### Exercise brief
Starting at the first line of the records below, reproduce every line up to and including the line with "Cookie Monster 247", but leave out all pictures.

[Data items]
• • • •

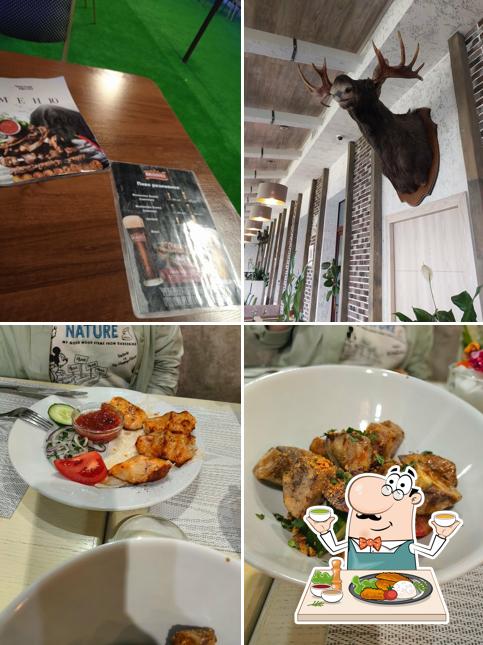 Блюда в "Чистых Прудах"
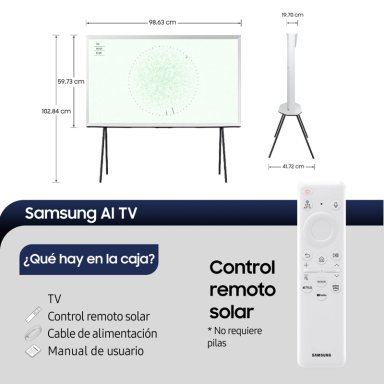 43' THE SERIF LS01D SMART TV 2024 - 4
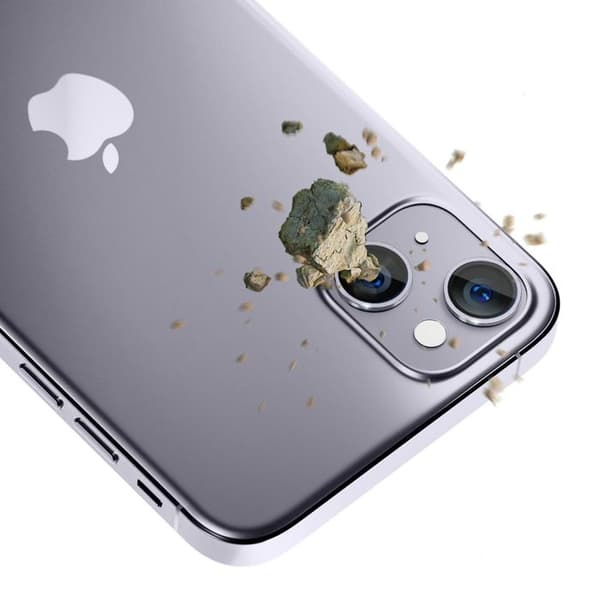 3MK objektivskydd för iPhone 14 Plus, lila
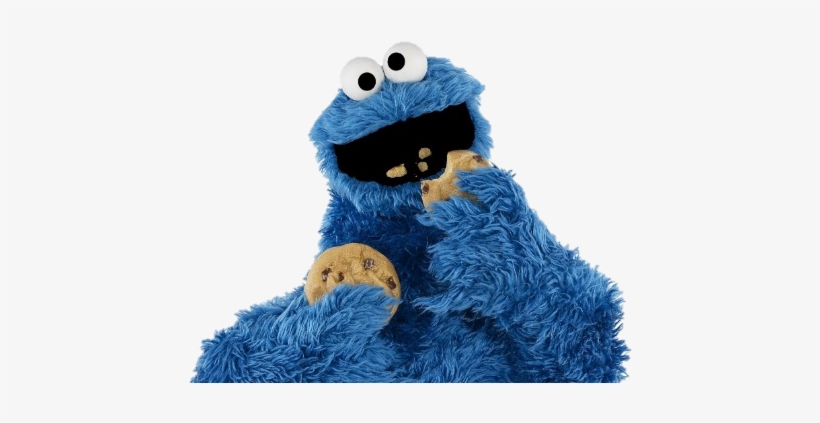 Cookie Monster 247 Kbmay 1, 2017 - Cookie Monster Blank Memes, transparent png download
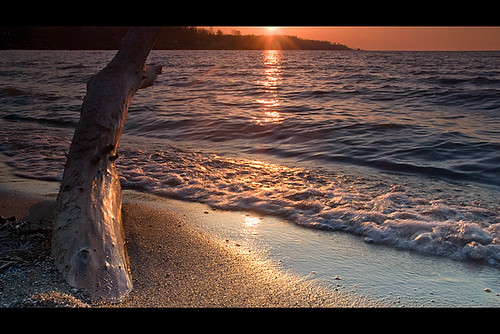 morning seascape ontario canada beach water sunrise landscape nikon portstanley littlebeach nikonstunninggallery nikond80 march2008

• • • •

### Output
 Блюда в "Чистых Прудах"
 43' THE SERIF LS01D SMART TV 2024 - 4
 3MK objektivskydd för iPhone 14 Plus, lila
 Cookie Monster 247 Kbmay 1, 2017 - Cookie Monster Blank Memes, transparent png download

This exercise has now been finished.